**Recorded information**
· · · · ·

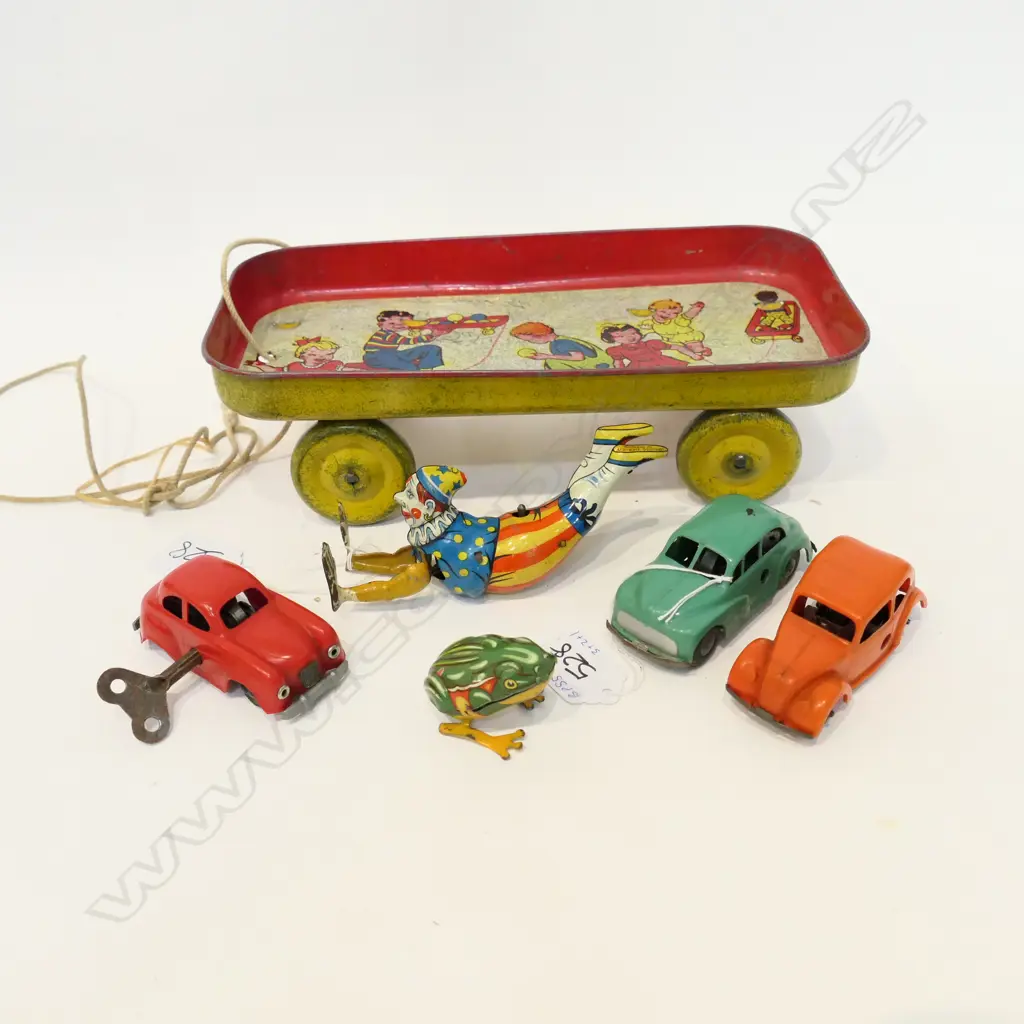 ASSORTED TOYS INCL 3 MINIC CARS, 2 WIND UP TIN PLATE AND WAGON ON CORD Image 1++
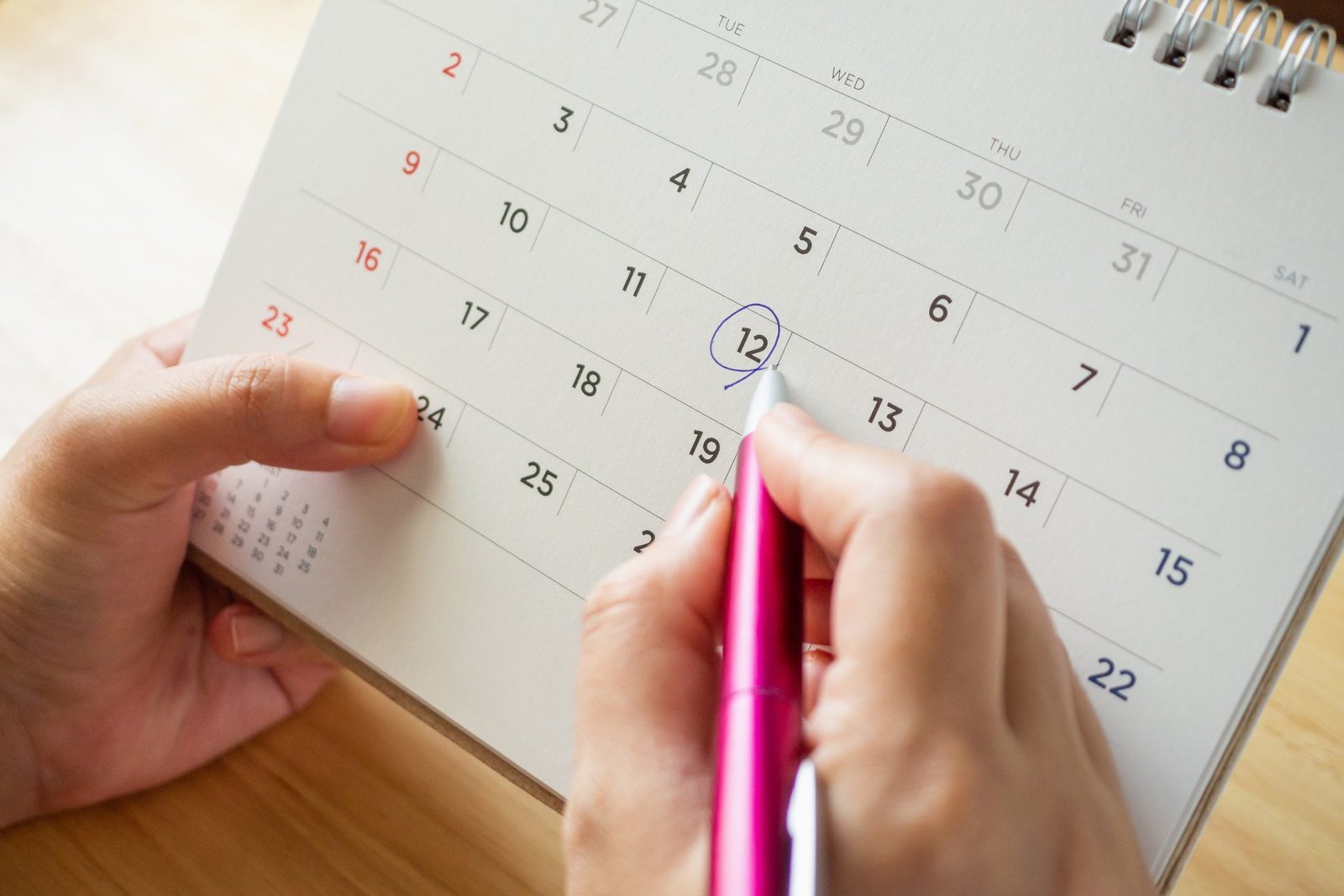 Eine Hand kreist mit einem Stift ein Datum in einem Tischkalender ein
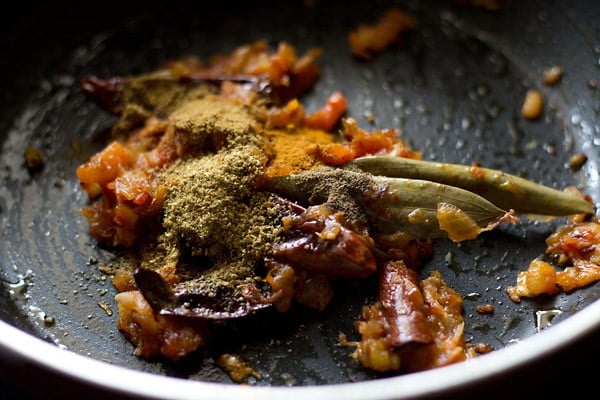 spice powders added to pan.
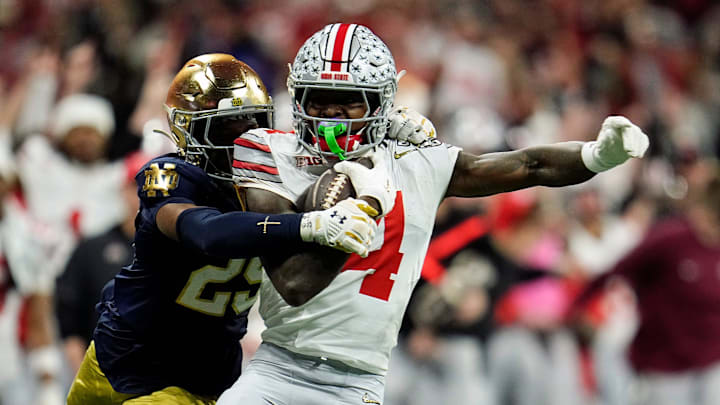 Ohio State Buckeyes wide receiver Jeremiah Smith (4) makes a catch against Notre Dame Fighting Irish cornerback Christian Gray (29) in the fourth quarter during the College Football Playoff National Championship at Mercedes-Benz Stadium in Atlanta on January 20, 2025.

· · · · ·

**Directions**
With the images removed, reproduce all the material above word for word.

**Response area**
 ASSORTED TOYS INCL 3 MINIC CARS, 2 WIND UP TIN PLATE AND WAGON ON CORD Image 1++
 Eine Hand kreist mit einem Stift ein Datum in einem Tischkalender ein
 spice powders added to pan.
 Ohio State Buckeyes wide receiver Jeremiah Smith (4) makes a catch against Notre Dame Fighting Irish cornerback Christian Gray (29) in the fourth quarter during the College Football Playoff National Championship at Mercedes-Benz Stadium in Atlanta on January 20, 2025.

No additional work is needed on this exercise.